AIM OF THE EXERCISE: Reproduce nothing beyond the line containing "Lockheed Martin F-16". From the first line of the data below down to it, copy each line exactly, without the pictures.

DATASET CONTENT:
══════════

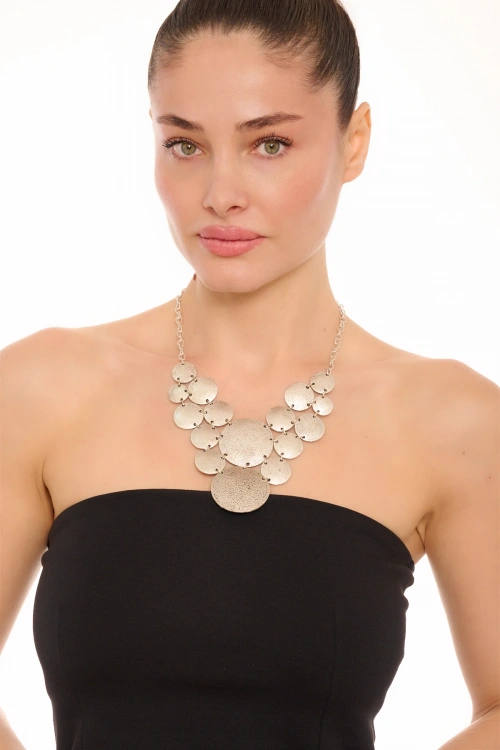 Kiraz Silver Plated Necklace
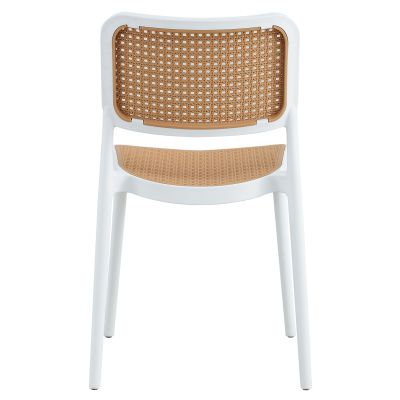 CHAIR POLYPROPYLENE MEKO HM5934.01 WHITE AND BEIGE 41x49x102Hcm.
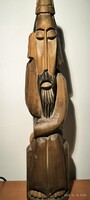 Faragott szobor fából 26cm
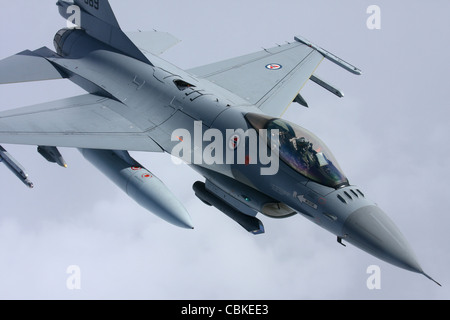Lockheed Martin F-16 Fighting Falcon of the Norwegian Air Force. Stock Photo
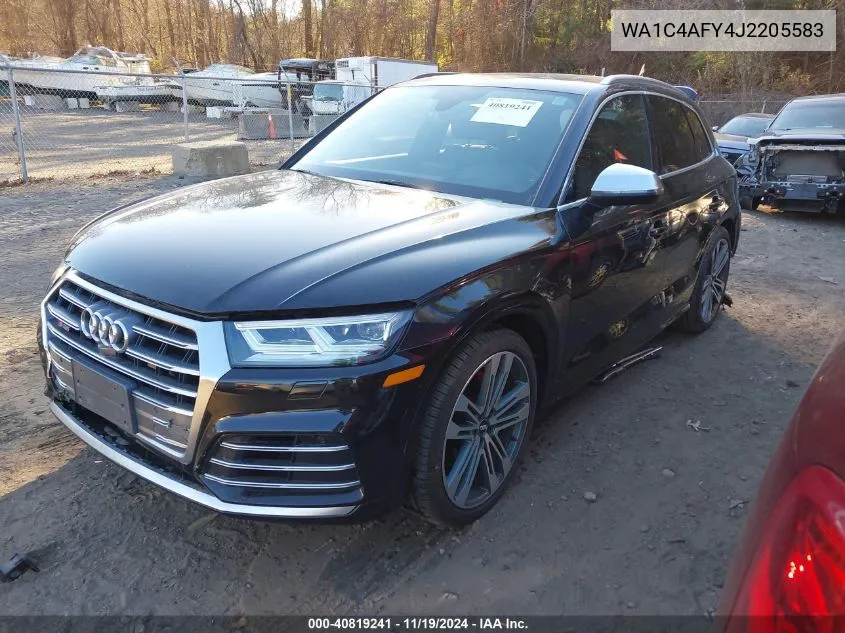 2018 Audi Sq5 3.0T Premium Plus VIN: WA1C4AFY4J2205583 Lot: 40819241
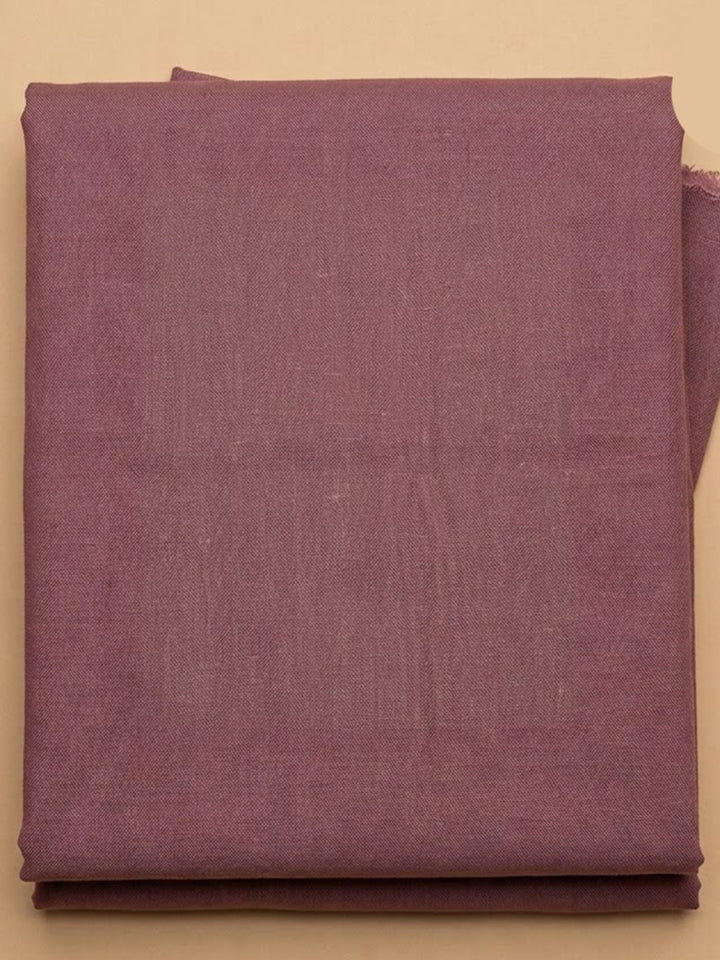 Onion Pink Linen Blend Printed Unstitched Dress Material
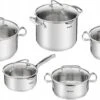 Tefal Duetto+ Pannenset -10 Delig- 5 Pannen - Kookpannenset - Zilver - Afdruipdeksels -Tefal 1200x675 4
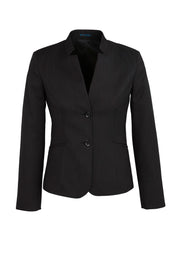 Cool Stretch Womens Short Jacket with Reverse Lapel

══════════

SOLUTION:
 Kiraz Silver Plated Necklace
 CHAIR POLYPROPYLENE MEKO HM5934.01 WHITE AND BEIGE 41x49x102Hcm.
 Faragott szobor fából 26cm
Lockheed Martin F-16 Fighting Falcon of the Norwegian Air Force. Stock Photo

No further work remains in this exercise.